853. Car Fleet¶
Each car moves toward the target at a constant speed. A faster car may catch up to a slower car ahead of it, but once
they meet, they form a fleet and continue together at the slower speed.
If a car behind would reach the target earlier than or at the same time as the car ahead, it must catch up respective cars before the target and therefore becomes part of the same fleet. This turns the problem into comparing arrival times, not positions over time.
Since the car ahead controls the pace, we sort them by position in descending order, so we process cars closest to the target first. For each car, compute the time to reach the target: \(time = (target - position) / speed\). To track the arrival time for each fleet, we can use a stack where each element in the stack represents the arrival time of a fleet. When processing cars from closest to farthest:
- If the current car’s arrival time is less than or equal to the time at the top of the stack, it will catch up and merge with that fleet.
- Otherwise, it forms a new fleet and its time is pushed onto the stack.

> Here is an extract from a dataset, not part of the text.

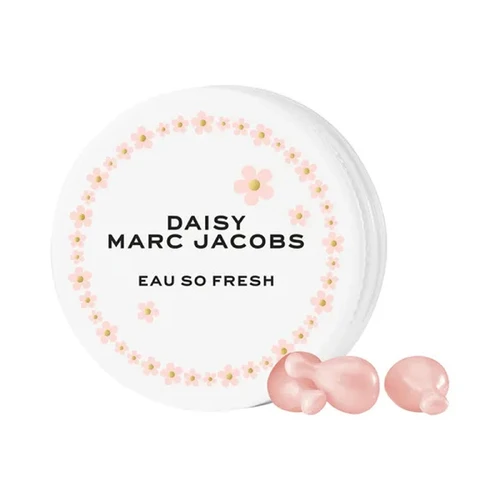 Marc Jacobs Daisy Eau So Fresh Drops Parfum 30 Capsules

This works because once cars are sorted by position, a car can only interact with the fleet immediately ahead of it.
Runtime Complexity
Time: \(O(nlogn)\), since we used sorting
Space: \(O(n)\), from stack
type Car struct {
pos int
speed int
}
func constructCars(position []int, speed []int) []Car {
cars := make([]Car, len(position))
for i := range position {
cars[i] = Car{position[i], speed[i]}
}
sort.Slice(cars, func(i, j int) bool {
return cars[i].pos > cars[j].pos // reverse=True
})
return cars
}
func carFleet(target int, position []int, speed []int) int {
var stk []float64
cars := constructCars(position, speed)
var l int
for _, car := range cars {
stk = append(stk, float64(target-car.pos)/float64(car.speed))
l = len(stk)
if len(stk) >= 2 && stk[l-1] <= stk[l-2] {
stk = stk[:l-1]
}
}
return len(stk)
}